Chicken-Fried News: Taxpayer business

Chicken-Fried News: Taxpayer business
Ingvard Ashby

Business ownership while entering political office opens up all sorts of ethical concerns. Unfortunately, we live in a Donald Trump presidency; despite proclamations during his campaign, he did not put his business under the direction of a blind trust. He merely turned it over to his children while they also held positions in the White House.

We’ve come a long way since Jimmy Carter outright sold his peanut farm before taking office and still have to endure a Senate investigation.

Oklahoma Gov. Kevin Stitt rode Trump’s coattails as a businessman-turned-politician who never served in public office before being elected to the state’s highest office.

Unlike Trump, Stitt did take proper ethical measures of turning Gateway Mortgage Group (now Gateway First Bank following a merger with Farmer’s Exchange Bank) to a family trust run by James Redman.

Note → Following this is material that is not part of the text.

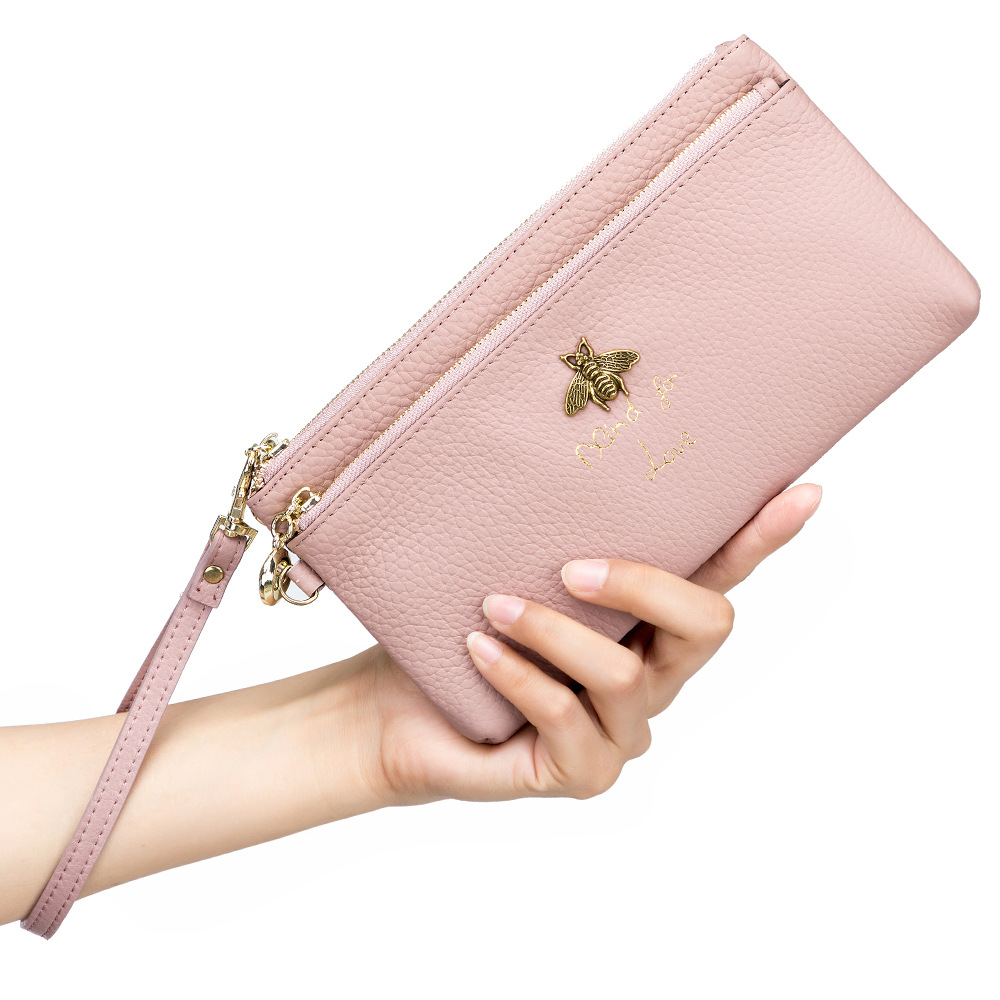 超薄新款手抓包女 真皮时尚零钱手包可放手机零钱包手腕包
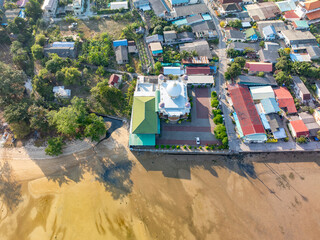 Aerial view village in Phuket Thailand nature background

Stitt remains the owner, but stepped away from management of the company, according to The Frontier.

But he is facing scrutiny after the Quality Jobs Program Incentive Approval Committee, which features two members Stitt appointed, voted to approve tax dollars for Gateway First Bank.

The incentive program targets companies with a payroll of more than $2.5 million, according to The Frontier, and the program is designed to create job growth. Gateway first entered the program in 2016 and has received more than $876,000 over that time — a little less than half of the $1.8 million it was eligible to receive, according to The Frontier.

Charles Prater, one of the board members appointed by Stitt, told The Frontier that Stitt’s position played no role in renewing the incentive program for Gateway but also admitted that Gateway would create jobs without the incentive money.

“But if the credit’s there, why wouldn’t they take advantage of it? That’s just good business,” Prater told The Frontier.

It might be good business, but it’s ethically murky.